Combining functionality and sleek minimalist design, athleisure wear has played a major role in Running Wear’s resurgence on the fashion scene. This trend, supporting “transition” moments with leggings and other yoga pants which can be worn anytime, anywhere, went viral and finally reached premium and luxury brands. Now, indie brands, like Alo Yoga, Vuori Clothing, and Epoque Evolution are disrupting the distribution model and carving out a niche in this segment.
With its links to the health and wellness movement, as well as a growing focus on inclusivity, the evolution of athleisure is clearly far from reaching the finish line.
Sports Wear: The street combination of fashion and a healthy lifestyle
According to the Global Athleisure Market Report from Allied Market Research, athleisure is indeed still on the rise.
In 2018, the athleisure market size was valued at $155.2 billion, and by 2026, it is expected to reach $257.1 billion.
Everyone from Nike to Primark to Eres has launched athleisure lines to cash in on this $44 billion market (in the US alone), according to NPD Group. By many accounts, athleisure is the signature fashion trend of the 21st century so far. The expression comes from the contraction of “athletic” and “leisure”.
During confinement this year, Gymshark found major success:
Gymshark was not the only athleisure brand to boom, however: according to SimilarWeb, LA-based brand Alo Yoga was ranked the fastest-growing Activewear brand in the US by web traffic.
Athleisure refers to athletic apparel which people can wear in non-athletic settings. It was seen, for a long time, as “casual clothing designed to be worn both for exercising and for general use” as defined by the Merriam-Webster dictionary.
It symbolizes a decompartmentalization of sportswear, which, thanks to its elevated design, becomes an everyday outfit able to instantly enhance a look.
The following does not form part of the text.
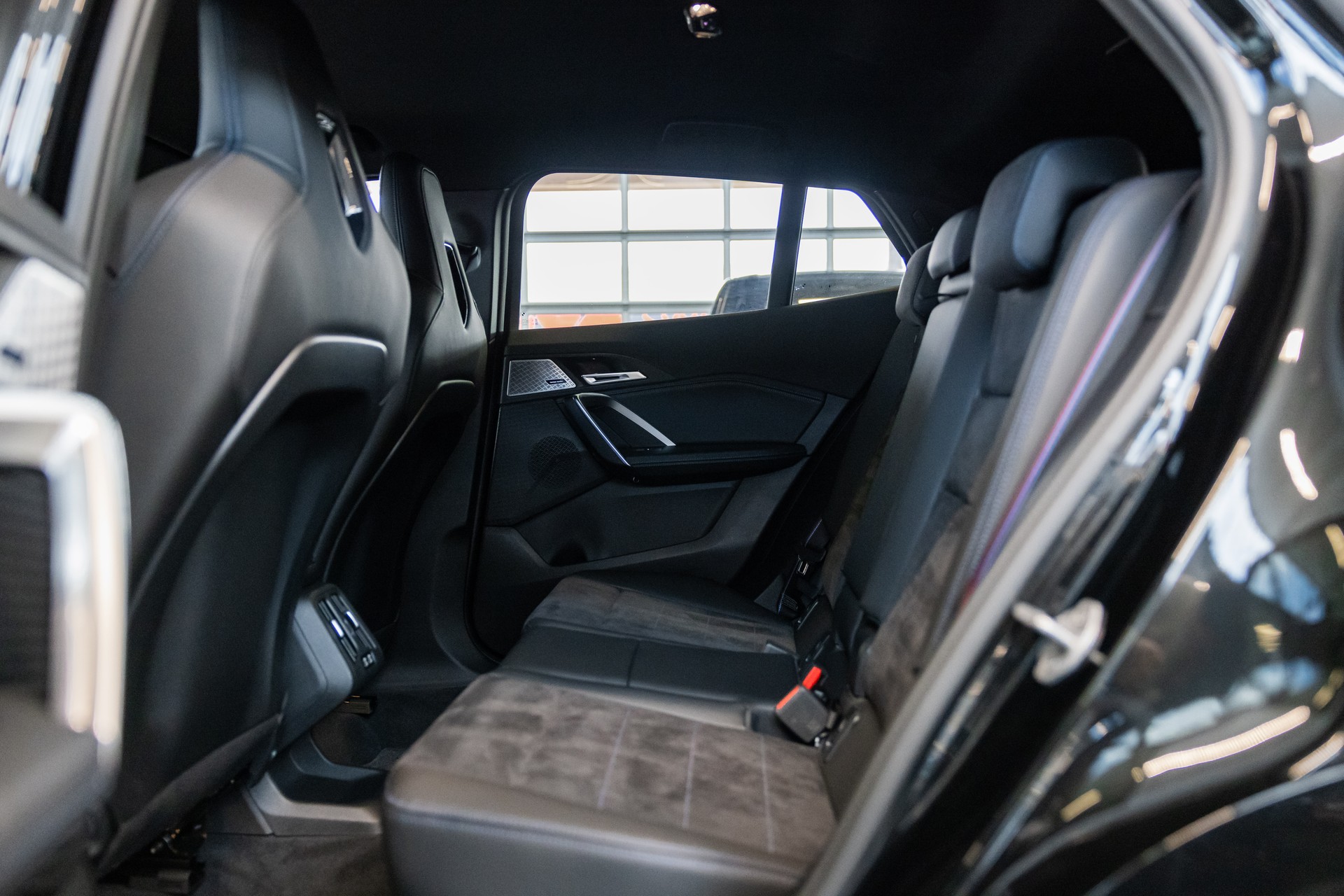 BMW X2 M35i M Sport Pro / Iconic Glow / 360°Kamera / HeadUp-image-12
Fashion is giving Fitness Wear an uplift in credibility while sportswear is giving functionality to fashion, like sweating-wicking capabilities, odor resistance or stretch texturing.
Athleisure wear: From female empowerment to an Instagrammable holistic success
Deirdre Clemente, professor of history at the University of Nevada, told Business Insider that athleisure mania relies on three long-term trends:
Technological innovations in synthetic fibers have made products like spandex more flexible, durable, and washable than natural materials.
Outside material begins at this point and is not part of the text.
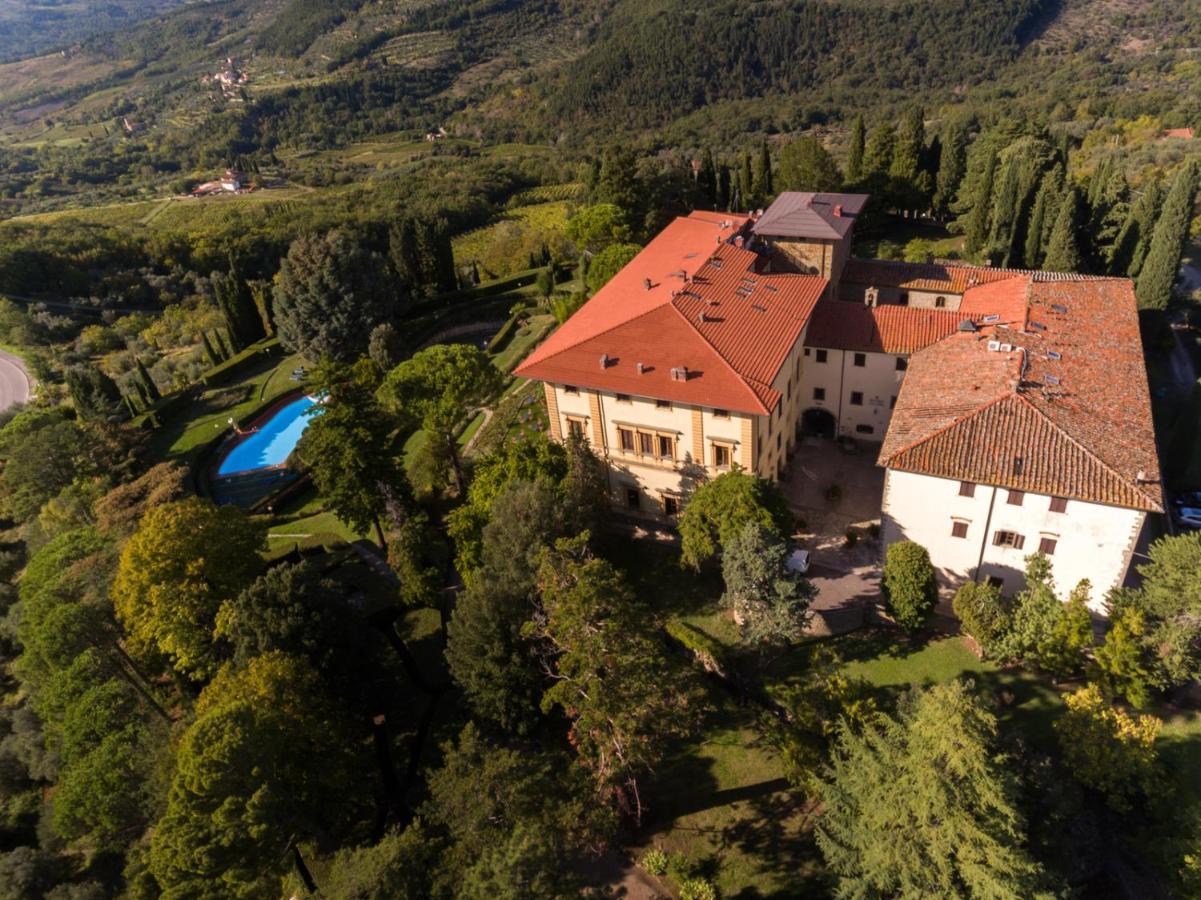 דוניני Villa Pitiana מראה חיצוני תמונה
The rise of a fitness-conscious appearance has made yoga pants an effective vector for “conspicuous consumption,” upon their wearers.
Athletic-casual Cycling Wear has become increasingly acceptable for use in a wide variety of social situations. Many of the clothes that people now consider work-appropriate, incorporate sports-inspired materials like spandex, Lycra, and other synthetic fibers.
In the 80s, the health-conscious glamazon archetype, embodied by sporty beauties like Christie Brinkley, rose to fame thanks to the public craze surrounding dancing and aerobics. Olivia Newton John’s “Physical” music video and Jane Fonda’s fitness sessions, alongside movies such as Fame and Flashdance, fueled neon leotard and leg warmer trends everywhere but outside the gym. As a result, Cycling Wear brands started making clothes for athletic performance. The quality significantly improved with synthetic fiber clothing to boost athletes’ performances and allow greater freedom of movement.
Athleisure became widespread in 2016 when key influencers Beyoncé and Rihanna introduced athleisure to the mainstream, with the help, respectively, of Puma and Topshop, using Instagram as a runway to commercial success. Today, in 2020, Beyonce’s athleisure brand Ivy Park is one of the most-followed brands of its category on Instagram, accompanied by other influencer and celebrity-backed brands such as Fabletics and Doyoueven.
Indie activewear brands: Authenticity and inclusivity at their core
While traditional athletic brands used to tap into the product performance-only seeker, new entrants have filled the gap left by the Swimwear industry with client-centric designs, merchandising reworking and expanded offerings. These Digitally Native Vertical Brands (DNVBs) do little to no advertising and do not rely on celebrity endorsement, helping them build their brands in a more authentic way.
By embracing real women’s bodies, these brands have secured their place in clients’ hearts as a brand they can relate to. Their ability to market themselves as a lifestyle brand and to have found a niche that consumers can connect to has helped them thrive in a competitive market.